Summary of the Proposed Force-Placed Insurance Regulation, 11 NYCRR 227 (Insurance Regulation 202)

This rule sets forth rules for the rates for and placement of force-placed insurance and prohibits certain practices related to force-placed insurance in order to protect homeowners and investors from harm caused by excessive force-placed insurance rates, questionable business practices and relationships in the force-placed insurance industry, and inadequate notice of force-placed insurance.

Section 227.0 sets forth the purpose of the rule.

Section 227.1 provides definitions applicable to the rule.

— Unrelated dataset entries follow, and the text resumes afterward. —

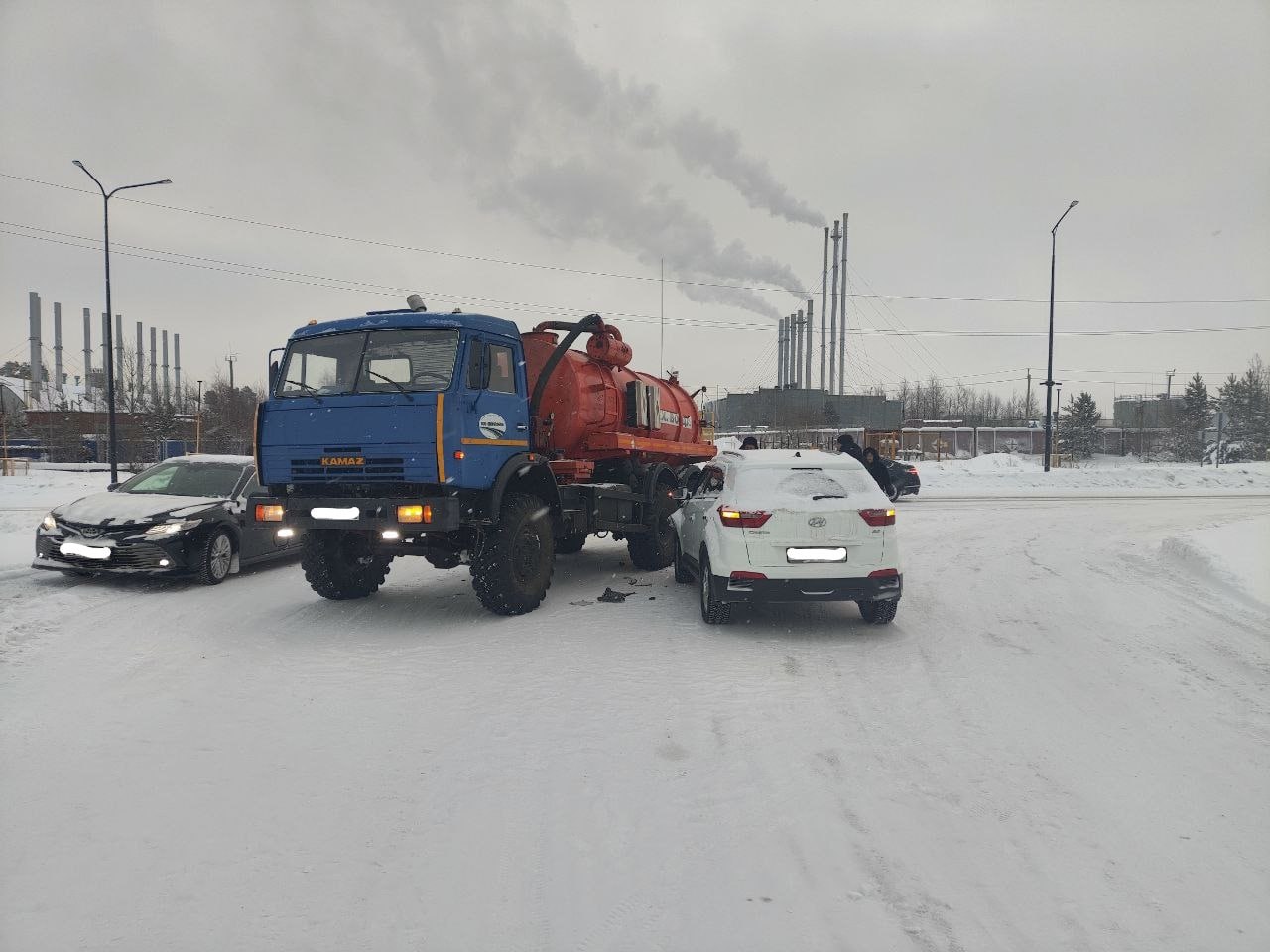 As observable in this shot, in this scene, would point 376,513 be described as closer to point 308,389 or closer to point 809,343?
point 308,389

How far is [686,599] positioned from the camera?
9.09 metres

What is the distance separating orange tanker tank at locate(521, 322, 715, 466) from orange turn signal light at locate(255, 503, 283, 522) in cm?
284

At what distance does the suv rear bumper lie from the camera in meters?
7.27

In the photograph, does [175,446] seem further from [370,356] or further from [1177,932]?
[1177,932]

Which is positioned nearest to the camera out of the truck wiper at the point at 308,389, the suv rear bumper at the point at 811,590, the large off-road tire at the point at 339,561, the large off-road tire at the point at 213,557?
the suv rear bumper at the point at 811,590

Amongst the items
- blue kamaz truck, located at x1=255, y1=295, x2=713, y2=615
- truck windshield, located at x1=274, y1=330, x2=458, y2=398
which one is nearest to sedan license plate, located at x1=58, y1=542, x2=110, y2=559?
blue kamaz truck, located at x1=255, y1=295, x2=713, y2=615

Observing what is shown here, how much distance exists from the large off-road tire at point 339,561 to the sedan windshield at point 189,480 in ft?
7.99

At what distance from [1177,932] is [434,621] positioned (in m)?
6.37

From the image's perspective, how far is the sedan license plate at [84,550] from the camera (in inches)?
352

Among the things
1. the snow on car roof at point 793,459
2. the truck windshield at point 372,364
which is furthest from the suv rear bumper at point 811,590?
the truck windshield at point 372,364

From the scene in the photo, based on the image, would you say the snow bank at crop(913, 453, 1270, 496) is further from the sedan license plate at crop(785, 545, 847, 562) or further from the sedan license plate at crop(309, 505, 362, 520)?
the sedan license plate at crop(309, 505, 362, 520)

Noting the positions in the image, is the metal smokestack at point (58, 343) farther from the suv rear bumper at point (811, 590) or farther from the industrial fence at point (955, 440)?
the suv rear bumper at point (811, 590)

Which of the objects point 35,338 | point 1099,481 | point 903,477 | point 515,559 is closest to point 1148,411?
point 1099,481

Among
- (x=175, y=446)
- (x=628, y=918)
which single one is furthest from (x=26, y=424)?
(x=628, y=918) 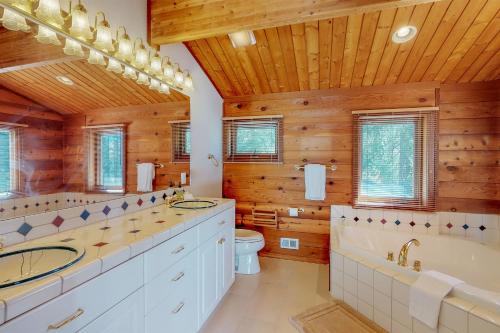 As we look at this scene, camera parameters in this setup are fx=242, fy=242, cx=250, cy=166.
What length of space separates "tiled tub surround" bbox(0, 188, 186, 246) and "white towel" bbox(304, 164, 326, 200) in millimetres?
1760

Section 227.2 sets minimum adequate notification requirements to ensure homeowners understand their responsibility to maintain homeowners insurance, and that they may purchase voluntary homeowners insurance coverage at any time.

Section 227.3 sets the maximum amount of force-placed insurance coverage that an insurer may issue on a New York property.

Section 227.4 requires an insurer, insurance producer, or affiliate that receives correspondence related to force-placed insurance from a borrower on behalf a servicer to accept any reasonable form of written confirmation of a borrower’s existing insurance coverage.

Section 227.5 requires an insurer, insurance producer, or affiliate to refund all force-placed insurance premiums for any period of overlapping insurance coverage within fifteen days of receiving evidence demonstrating that the borrower has had in place hazard insurance coverage that complies with the mortgage’s requirements to maintain hazard insurance.

Section 227.6 prohibits certain practices with respect to force-placed insurance, including: the payment of commissions to servicer-affiliated insurance producers; the sharing of force-placed insurance premiums or risk with a servicer affiliate; and issuing force-placed insurance on property serviced by a servicer affiliated with the insurer.

Section 227.7 requires insurers to regularly inform the Department of loss ratios actually experienced and re-file rates when actual loss ratios are below 40 percent, and sets a permissible loss ratio for rate filings to ensure that premiums are set at a rate reasonably related to paid claims.